WHAT TO WORK ON: Nothing outside the range is to be copied. From the entries below, reproduce exactly the lines starting at the one with "AK Partili ve" and ending at the one with "Aktris Kirstie Alley...", without pictures.

INFORMATION SHOWN:
--
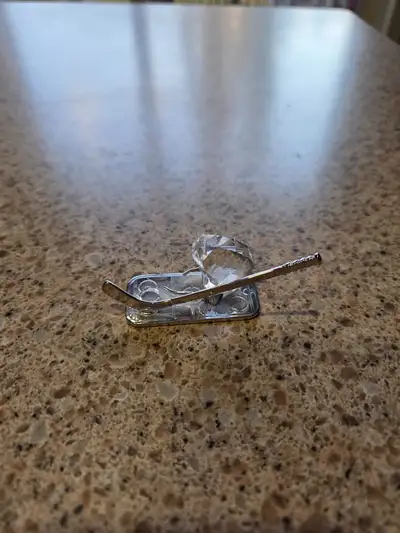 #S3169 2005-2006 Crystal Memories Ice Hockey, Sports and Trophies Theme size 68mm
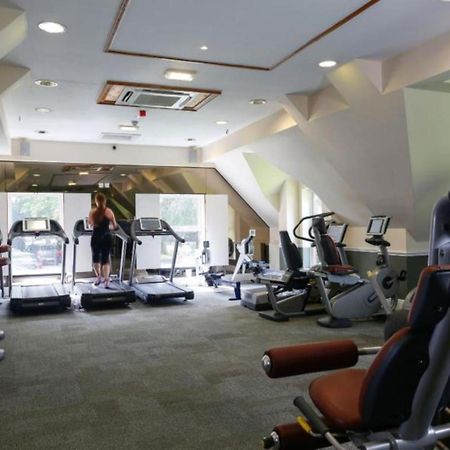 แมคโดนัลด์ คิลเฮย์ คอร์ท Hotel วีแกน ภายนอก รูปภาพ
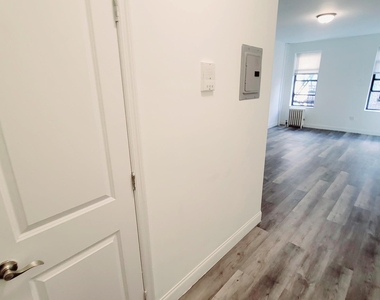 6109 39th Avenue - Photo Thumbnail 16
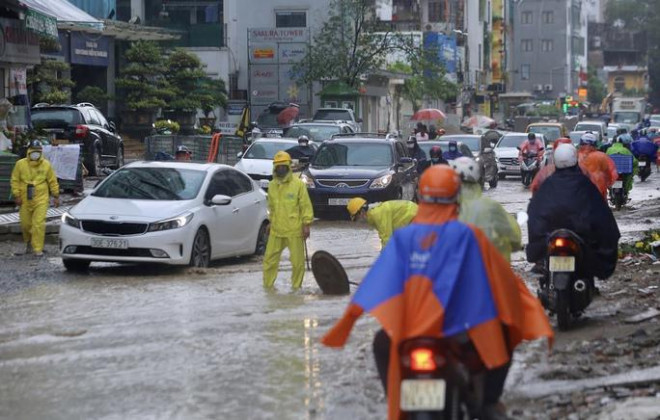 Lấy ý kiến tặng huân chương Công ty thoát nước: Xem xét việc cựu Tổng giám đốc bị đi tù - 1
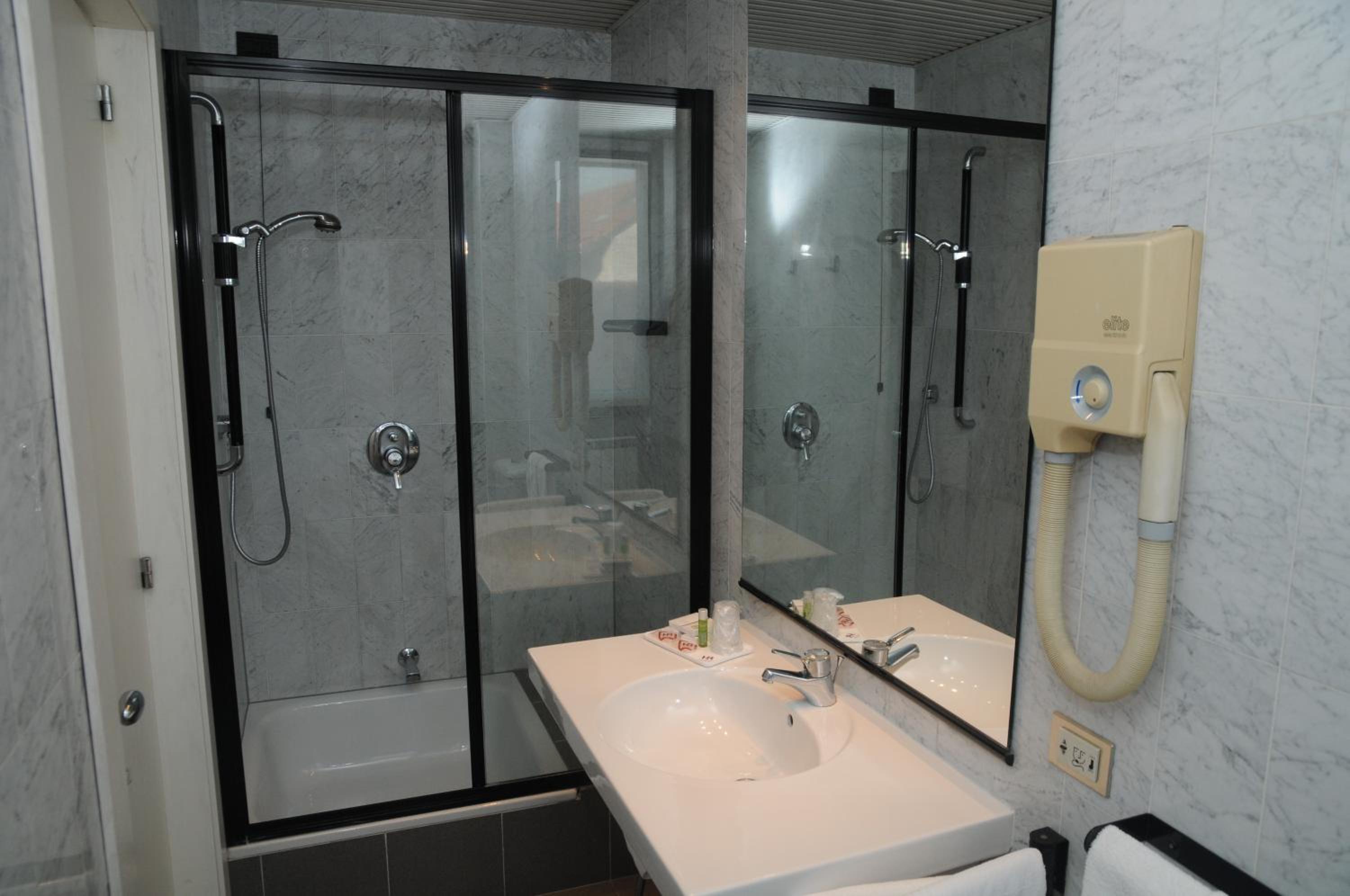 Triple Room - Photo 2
--
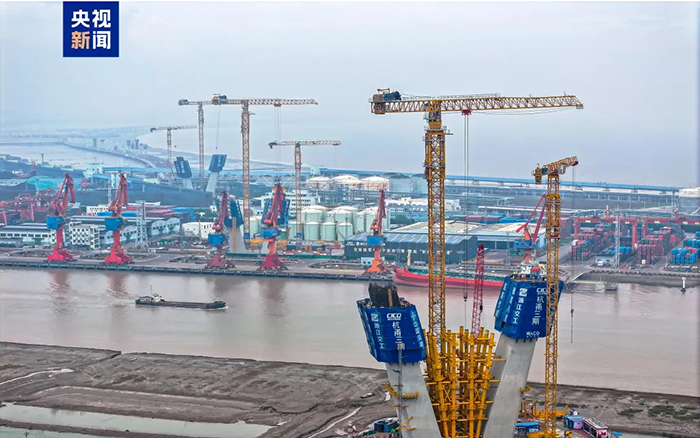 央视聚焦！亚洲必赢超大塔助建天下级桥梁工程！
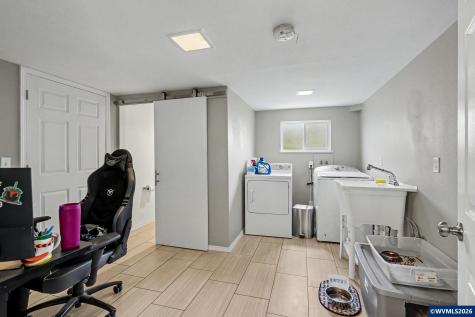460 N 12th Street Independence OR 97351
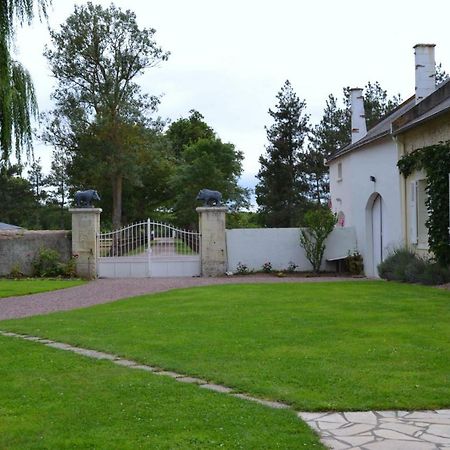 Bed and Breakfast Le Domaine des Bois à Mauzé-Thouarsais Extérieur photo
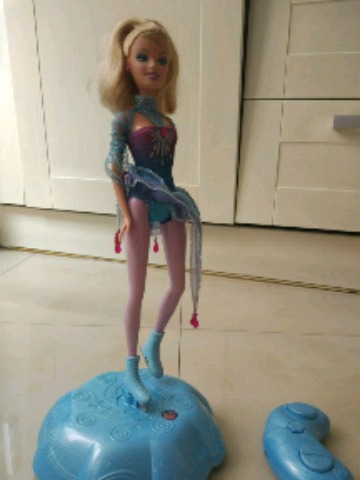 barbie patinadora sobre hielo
--
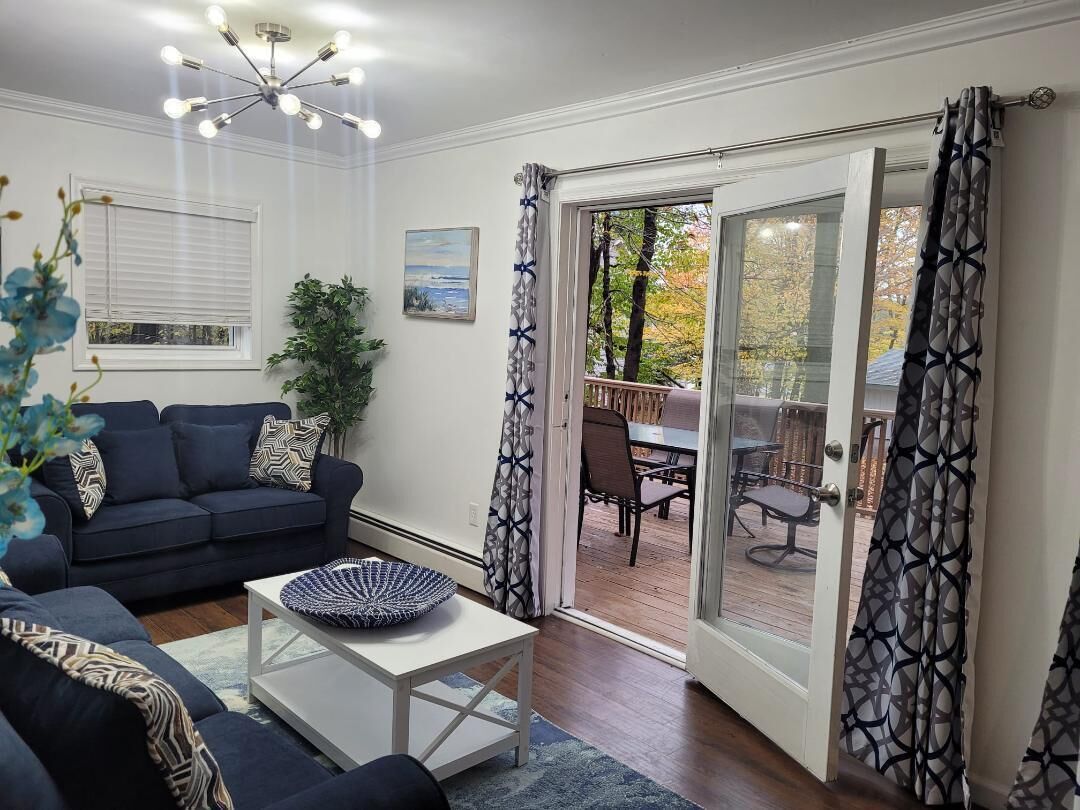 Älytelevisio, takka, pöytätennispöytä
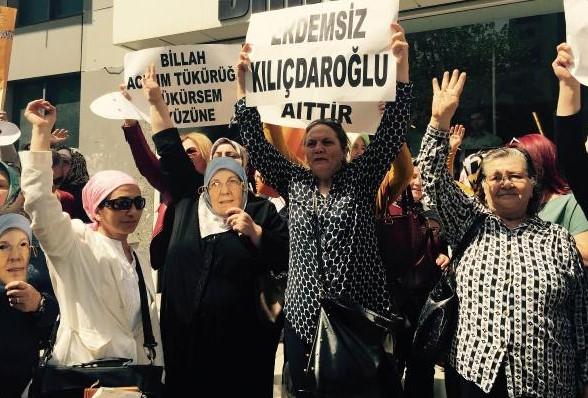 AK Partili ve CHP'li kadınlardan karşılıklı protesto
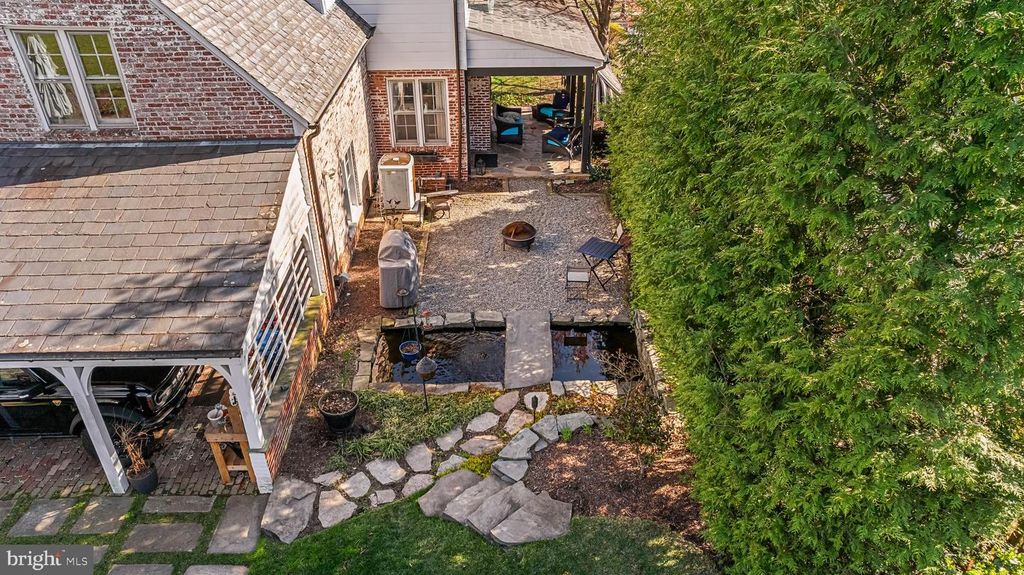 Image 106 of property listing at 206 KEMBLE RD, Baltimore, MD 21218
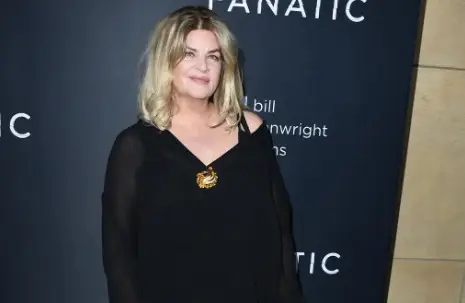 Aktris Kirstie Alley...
--
YOUR SOLUTION:
 AK Partili ve CHP'li kadınlardan karşılıklı protesto
 Image 106 of property listing at 206 KEMBLE RD, Baltimore, MD 21218
 Aktris Kirstie Alley...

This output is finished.